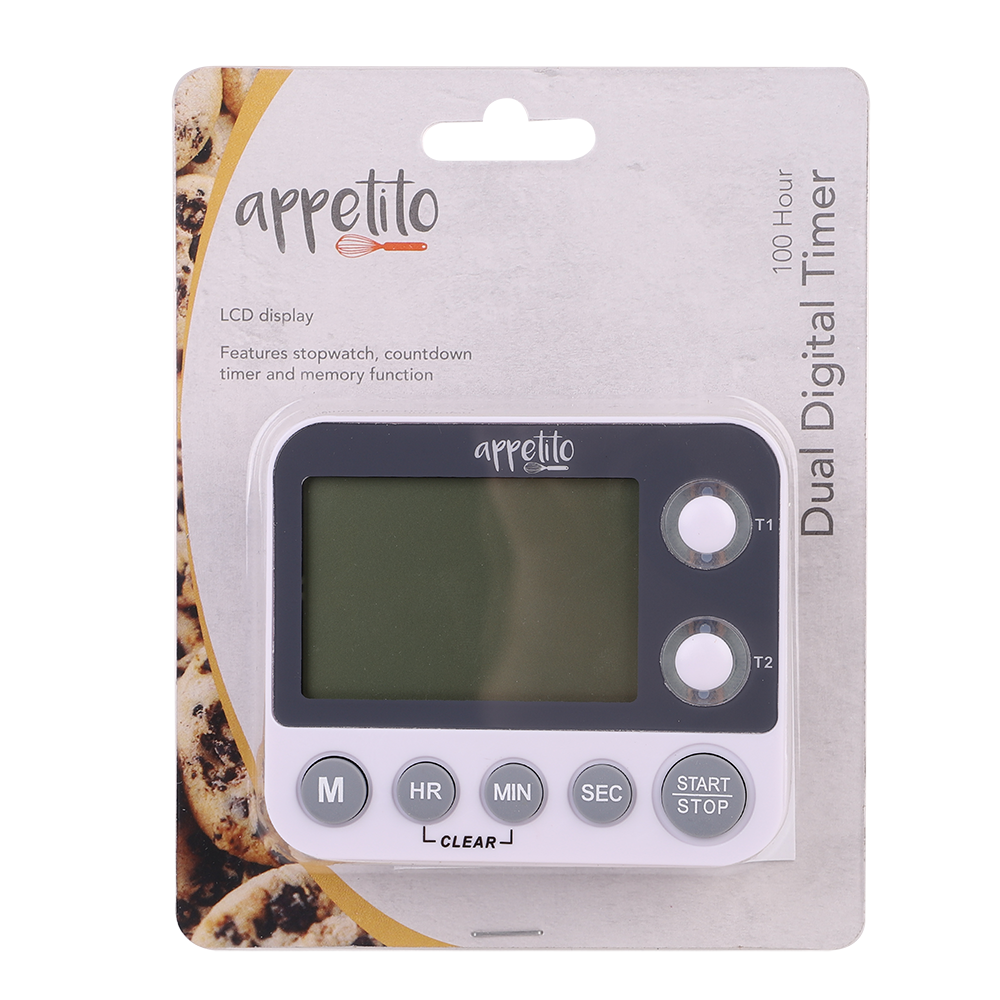 Appetito Dual Digital Timer 100 Hours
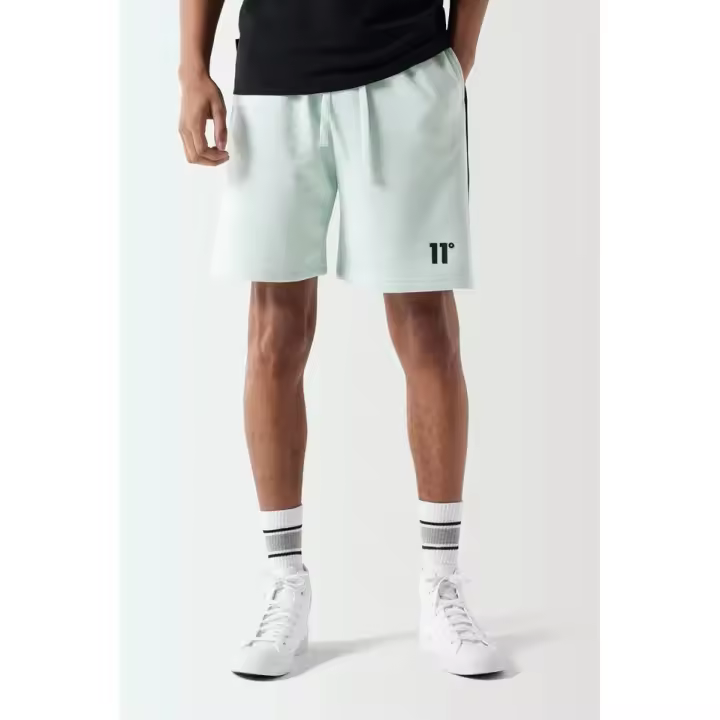 ELEVEN DEGREES SHORT TRIPLE PANEL SWEAT SHORTS - GLACIER GREEN / BLACK / WHITE 11D3705-495. - 1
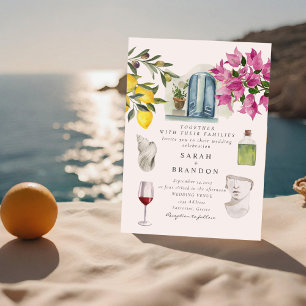 Watercolor Olive Blue tile Greece Wedding Invitation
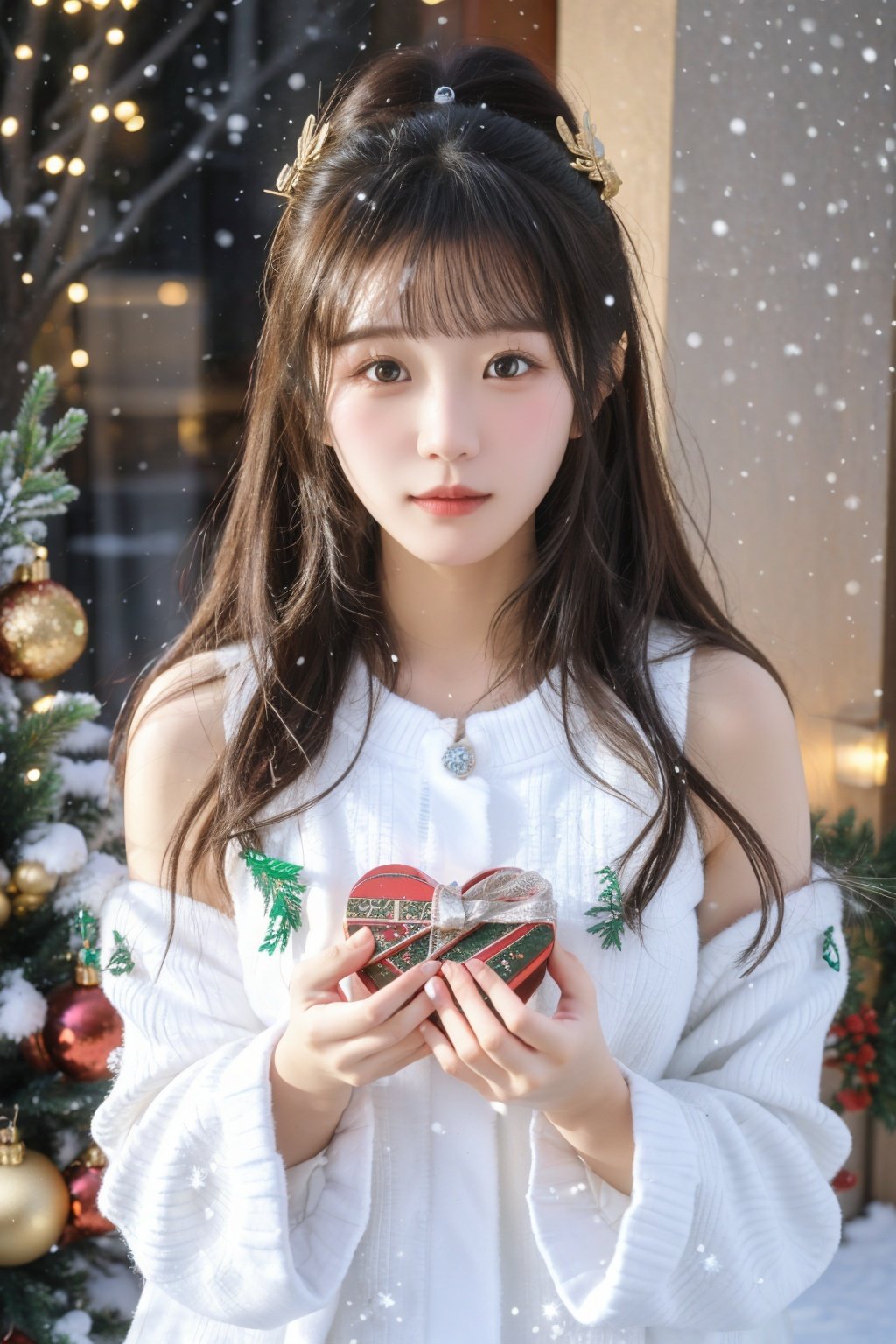 1girl, solo, photo, Snow, outside, Pine, box, christmas tree, merry christmas, holding gift, christmas lights, looking at viewer, bell, ornament, hair ornament, heart-shaped box, UHD, textured skin, high details, 16k, kamisato ayaka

### Your assignment
Please, leaving out all pictures, transcribe exactly the lines above from the one containing "ELEVEN DEGREES SHORT" through the final line, both included.

### Output of the exercise
 ELEVEN DEGREES SHORT TRIPLE PANEL SWEAT SHORTS - GLACIER GREEN / BLACK / WHITE 11D3705-495. - 1
 Watercolor Olive Blue tile Greece Wedding Invitation
 1girl, solo, photo, Snow, outside, Pine, box, christmas tree, merry christmas, holding gift, christmas lights, looking at viewer, bell, ornament, hair ornament, heart-shaped box, UHD, textured skin, high details, 16k, kamisato ayaka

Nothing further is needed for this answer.